The “March of Return” was planned long before the embassy move was announced. It was billed as a “nonviolent” protest but, as Bardawil, Sinwar and other Hamas leaders admitted, that was never the real intention.
It comes at a time of growing frustration for Hamas, which, instead of turning Gaza into a showcase for Palestinian self-government after the 2005 Israeli withdrawal, turned it into a launching pad for missiles, suicide bombers and terrorism. It squanders resources and international aid on trying to kill Israelis instead of helping Gazans.
Israel has developed countermeasures for missiles and infiltration tunnels, but the biggest threat for Hamas and the Palestinian national cause, secular and particularly Islamist, is growing international apathy, especially in Washington, Israel and the Arab states.
There was too much competition for the Gaza story to last very long.
Attention spans were challenged by a royal wedding, a Hawaiian volcano, Eurovision Song winner Netta Barzilai, another US school shooting, Trump tweets from the White House bedroom, the US embassy opening in Jerusalem, dumping the Iran nuclear agreement, North Korean threats to cancel the summit and more.
The situation in Gaza is abysmal. Former ambassador Dennis Ross pointed out in a New York Daily News column that the densely populated strip has ”only four hours of electricity a day, 96% of the water [is] undrinkable, sewage treatment plants [are] unable to run and [there is] 60% unemployment among Palestinians under 30.”
Israel’s blockade, shared by Egypt, is primarily a security measure in response to Hamas ongoing campaign to fulfill its pledge to destroy Israel and drive out the Jews it does not slaughter.
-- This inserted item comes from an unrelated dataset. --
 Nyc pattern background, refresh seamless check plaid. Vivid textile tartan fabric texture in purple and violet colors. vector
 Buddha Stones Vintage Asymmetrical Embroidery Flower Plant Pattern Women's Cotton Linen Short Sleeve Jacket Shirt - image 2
But the way it carries it out often amounts to collective punishment of an impoverished civilian population – a policy guaranteed to damage Israel’s standing in the world, undermine support from American Jews and give Israel’s most steadfast enemies a boost.
Throughout the siege, including in these weeks of the March of Return, Israel has continued delivery of humanitarian aid to Gaza despite Hamas turning away badly needed medical equipment from the IDF and demonstrators having twice torched the Kerem Shalom border crossing for delivering that aid.
Yossi Alpher, a former director of Israel’s Jaffee Center for Strategic Studies, says there is abundant blame to go around for the situation in Gaza but he puts much of it on the Palestinians themselves, who are responsible for the situation in Gaza that led to these demonstrations, and on the Arab world.
“The Arab states have collectively and deliberately prolonged the Palestinian refugee plight well into the fourth generation,” he wrote in the Forward.
They “have practically given up on the Palestinians. Arab leaders blame the Palestinian leadership for rejecting legitimate Israeli peace offers in 2000 and 2008. They see PLO leader Mahmoud Abbas as a failed leader and Hamas as Islamist and extreme. The Saudis and their neighbors are so fed up with the Palestinians that they barely pay lip service to the dead in Gaza.”
The international media attention, albeit briefly, and focus on the body count of martyrs and “regular people” may be seen as signs of a successful week by Hamas leaders, but the people of Gaza can’t afford too many more of these victories from a leadership that gives them false promises, privation, corruption and dashed dreams.